Work order:
In the listing that follows, count the lines holding the word "walls" and report only that number.

Source data:
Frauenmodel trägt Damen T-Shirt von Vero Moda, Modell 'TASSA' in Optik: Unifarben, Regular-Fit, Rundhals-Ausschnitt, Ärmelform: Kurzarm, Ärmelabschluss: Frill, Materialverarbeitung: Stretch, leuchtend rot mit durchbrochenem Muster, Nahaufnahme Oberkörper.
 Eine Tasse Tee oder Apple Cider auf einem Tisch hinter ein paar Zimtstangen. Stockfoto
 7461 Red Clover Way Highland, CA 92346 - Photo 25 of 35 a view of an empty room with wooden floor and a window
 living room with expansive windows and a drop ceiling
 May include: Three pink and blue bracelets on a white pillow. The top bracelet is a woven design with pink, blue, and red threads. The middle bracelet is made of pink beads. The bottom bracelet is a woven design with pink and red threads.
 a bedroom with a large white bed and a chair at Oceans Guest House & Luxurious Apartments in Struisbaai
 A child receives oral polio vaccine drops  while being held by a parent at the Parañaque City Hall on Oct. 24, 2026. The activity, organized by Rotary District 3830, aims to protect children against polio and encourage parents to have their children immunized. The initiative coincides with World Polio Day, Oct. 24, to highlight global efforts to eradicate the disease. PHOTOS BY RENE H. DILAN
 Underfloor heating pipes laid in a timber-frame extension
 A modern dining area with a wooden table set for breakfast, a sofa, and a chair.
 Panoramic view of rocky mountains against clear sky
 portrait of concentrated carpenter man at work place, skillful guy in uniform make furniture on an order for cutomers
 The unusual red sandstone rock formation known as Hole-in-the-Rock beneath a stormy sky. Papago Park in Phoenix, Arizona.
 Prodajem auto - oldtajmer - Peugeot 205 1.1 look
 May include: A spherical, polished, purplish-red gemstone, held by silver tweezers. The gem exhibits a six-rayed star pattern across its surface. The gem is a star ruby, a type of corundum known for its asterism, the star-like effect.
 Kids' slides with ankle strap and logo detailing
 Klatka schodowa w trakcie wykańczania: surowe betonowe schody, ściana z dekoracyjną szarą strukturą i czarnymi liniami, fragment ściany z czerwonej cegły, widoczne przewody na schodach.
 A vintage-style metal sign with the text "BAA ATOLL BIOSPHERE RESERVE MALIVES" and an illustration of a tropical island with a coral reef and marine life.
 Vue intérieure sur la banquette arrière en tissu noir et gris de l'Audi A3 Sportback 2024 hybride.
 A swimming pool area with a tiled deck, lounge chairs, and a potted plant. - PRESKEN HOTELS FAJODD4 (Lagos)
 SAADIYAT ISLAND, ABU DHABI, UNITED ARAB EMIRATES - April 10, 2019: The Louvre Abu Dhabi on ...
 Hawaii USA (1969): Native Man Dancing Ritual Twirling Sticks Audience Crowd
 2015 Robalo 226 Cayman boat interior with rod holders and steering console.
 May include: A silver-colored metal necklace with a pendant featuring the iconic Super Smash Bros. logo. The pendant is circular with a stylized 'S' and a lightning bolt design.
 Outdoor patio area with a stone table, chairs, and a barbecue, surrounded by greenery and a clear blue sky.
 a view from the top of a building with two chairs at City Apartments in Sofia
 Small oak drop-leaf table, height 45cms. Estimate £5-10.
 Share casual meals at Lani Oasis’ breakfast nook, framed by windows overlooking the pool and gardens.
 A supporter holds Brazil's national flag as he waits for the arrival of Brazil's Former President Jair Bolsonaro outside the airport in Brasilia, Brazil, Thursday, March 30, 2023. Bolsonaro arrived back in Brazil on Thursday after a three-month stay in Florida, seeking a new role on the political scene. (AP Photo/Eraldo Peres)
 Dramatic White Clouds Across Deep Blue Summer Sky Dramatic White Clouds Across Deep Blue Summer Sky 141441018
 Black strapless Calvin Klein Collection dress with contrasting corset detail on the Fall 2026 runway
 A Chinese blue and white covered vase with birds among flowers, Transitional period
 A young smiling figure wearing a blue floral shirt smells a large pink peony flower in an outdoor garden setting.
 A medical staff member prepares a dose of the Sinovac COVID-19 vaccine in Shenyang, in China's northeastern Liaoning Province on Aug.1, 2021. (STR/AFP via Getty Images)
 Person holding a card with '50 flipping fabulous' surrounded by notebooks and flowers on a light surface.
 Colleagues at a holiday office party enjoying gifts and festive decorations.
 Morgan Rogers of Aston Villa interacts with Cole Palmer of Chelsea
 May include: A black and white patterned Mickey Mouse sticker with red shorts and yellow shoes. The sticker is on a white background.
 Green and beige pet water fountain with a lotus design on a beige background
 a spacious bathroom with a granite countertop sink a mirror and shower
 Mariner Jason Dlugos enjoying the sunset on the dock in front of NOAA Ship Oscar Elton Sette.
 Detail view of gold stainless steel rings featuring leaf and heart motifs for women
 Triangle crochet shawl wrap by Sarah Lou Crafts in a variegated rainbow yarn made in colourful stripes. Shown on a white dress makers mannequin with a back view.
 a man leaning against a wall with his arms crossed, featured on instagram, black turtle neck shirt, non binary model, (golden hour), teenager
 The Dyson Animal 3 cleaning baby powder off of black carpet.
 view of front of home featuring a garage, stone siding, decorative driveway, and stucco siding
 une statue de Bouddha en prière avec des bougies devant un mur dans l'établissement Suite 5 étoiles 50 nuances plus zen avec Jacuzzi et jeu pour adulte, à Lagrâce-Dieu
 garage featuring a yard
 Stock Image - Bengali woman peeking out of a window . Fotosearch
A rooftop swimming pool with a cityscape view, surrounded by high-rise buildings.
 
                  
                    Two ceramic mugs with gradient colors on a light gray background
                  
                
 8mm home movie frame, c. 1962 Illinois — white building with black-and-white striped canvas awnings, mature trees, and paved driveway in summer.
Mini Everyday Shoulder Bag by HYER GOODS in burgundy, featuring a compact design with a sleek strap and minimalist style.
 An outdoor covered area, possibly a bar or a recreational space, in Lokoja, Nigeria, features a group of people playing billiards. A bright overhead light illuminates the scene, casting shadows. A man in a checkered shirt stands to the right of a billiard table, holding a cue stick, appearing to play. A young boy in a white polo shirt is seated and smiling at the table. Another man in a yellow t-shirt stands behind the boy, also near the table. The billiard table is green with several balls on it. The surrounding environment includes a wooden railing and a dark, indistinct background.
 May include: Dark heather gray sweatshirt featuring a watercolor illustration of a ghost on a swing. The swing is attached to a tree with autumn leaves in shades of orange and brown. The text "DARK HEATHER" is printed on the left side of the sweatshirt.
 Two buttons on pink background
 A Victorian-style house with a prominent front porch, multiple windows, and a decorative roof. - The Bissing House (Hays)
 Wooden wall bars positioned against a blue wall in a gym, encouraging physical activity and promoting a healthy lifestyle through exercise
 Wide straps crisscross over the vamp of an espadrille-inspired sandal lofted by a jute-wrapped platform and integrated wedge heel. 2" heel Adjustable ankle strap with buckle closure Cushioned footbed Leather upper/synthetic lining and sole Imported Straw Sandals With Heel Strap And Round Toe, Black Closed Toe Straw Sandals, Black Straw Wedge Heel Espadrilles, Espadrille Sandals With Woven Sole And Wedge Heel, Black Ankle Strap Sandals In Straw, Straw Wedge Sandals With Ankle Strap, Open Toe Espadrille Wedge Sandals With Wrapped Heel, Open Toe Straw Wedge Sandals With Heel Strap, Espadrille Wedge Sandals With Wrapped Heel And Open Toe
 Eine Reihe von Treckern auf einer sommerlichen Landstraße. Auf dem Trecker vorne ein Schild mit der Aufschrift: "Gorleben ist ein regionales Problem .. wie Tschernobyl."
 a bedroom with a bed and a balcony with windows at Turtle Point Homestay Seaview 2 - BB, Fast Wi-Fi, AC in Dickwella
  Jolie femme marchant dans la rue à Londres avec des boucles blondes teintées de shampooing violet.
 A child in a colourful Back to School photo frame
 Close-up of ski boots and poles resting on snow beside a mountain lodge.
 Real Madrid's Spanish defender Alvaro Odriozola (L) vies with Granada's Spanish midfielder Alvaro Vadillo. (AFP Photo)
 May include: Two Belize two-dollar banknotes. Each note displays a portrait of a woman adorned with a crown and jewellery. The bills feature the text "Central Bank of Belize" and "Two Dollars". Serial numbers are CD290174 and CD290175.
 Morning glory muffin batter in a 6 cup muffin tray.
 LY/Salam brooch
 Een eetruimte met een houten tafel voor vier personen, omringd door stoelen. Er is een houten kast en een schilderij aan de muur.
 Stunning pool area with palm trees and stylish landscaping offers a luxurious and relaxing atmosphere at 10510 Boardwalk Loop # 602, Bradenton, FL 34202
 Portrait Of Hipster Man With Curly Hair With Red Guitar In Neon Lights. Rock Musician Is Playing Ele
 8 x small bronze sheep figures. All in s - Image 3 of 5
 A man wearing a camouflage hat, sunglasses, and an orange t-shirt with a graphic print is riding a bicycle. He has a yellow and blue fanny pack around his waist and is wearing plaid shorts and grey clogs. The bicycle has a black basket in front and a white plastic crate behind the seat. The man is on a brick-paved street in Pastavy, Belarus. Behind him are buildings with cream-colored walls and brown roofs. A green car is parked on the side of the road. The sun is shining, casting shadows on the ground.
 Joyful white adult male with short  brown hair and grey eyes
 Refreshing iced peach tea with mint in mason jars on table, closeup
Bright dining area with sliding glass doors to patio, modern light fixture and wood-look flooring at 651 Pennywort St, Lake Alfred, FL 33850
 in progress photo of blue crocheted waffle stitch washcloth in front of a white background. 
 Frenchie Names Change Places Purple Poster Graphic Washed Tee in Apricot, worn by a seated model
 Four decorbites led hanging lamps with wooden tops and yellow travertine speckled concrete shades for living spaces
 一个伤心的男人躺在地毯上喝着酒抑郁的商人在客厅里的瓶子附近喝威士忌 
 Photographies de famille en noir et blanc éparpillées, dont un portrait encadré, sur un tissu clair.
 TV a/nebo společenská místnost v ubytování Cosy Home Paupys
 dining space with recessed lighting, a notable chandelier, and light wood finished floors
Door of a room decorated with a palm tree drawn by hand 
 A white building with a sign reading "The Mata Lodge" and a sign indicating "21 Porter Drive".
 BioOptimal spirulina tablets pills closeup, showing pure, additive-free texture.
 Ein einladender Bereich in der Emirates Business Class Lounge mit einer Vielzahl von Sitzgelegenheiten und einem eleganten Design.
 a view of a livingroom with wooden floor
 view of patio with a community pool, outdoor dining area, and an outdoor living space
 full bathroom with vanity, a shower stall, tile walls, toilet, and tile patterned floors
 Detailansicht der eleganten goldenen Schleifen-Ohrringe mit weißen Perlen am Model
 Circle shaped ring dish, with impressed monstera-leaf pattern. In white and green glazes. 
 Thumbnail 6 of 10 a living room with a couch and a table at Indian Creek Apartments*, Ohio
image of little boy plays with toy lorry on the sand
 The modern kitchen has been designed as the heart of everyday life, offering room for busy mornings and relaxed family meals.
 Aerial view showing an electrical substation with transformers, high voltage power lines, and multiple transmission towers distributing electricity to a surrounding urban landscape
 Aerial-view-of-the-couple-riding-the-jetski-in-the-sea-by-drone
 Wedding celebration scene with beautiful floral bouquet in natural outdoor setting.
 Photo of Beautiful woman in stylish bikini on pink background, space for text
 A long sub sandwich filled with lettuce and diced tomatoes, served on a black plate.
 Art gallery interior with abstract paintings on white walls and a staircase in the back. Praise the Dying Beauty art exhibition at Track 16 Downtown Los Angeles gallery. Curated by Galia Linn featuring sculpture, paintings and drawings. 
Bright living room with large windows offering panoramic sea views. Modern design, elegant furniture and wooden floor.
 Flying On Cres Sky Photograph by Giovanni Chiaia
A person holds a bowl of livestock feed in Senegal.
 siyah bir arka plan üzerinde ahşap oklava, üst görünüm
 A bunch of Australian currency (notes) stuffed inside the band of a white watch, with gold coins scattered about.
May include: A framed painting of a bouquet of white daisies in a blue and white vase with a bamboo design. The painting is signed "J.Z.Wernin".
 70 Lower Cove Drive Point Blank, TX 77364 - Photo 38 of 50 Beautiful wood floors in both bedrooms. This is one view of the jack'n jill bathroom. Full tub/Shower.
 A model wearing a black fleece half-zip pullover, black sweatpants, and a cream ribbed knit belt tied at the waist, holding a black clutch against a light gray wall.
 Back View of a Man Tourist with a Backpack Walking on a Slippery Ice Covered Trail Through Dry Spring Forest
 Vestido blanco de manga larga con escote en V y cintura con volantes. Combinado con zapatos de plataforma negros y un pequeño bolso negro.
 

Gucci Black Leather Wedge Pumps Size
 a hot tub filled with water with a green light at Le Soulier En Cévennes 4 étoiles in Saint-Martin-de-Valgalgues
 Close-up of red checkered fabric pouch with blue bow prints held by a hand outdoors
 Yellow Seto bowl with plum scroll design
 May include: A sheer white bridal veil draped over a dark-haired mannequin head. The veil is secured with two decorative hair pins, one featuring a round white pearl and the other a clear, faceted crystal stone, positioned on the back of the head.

Output for this task:
3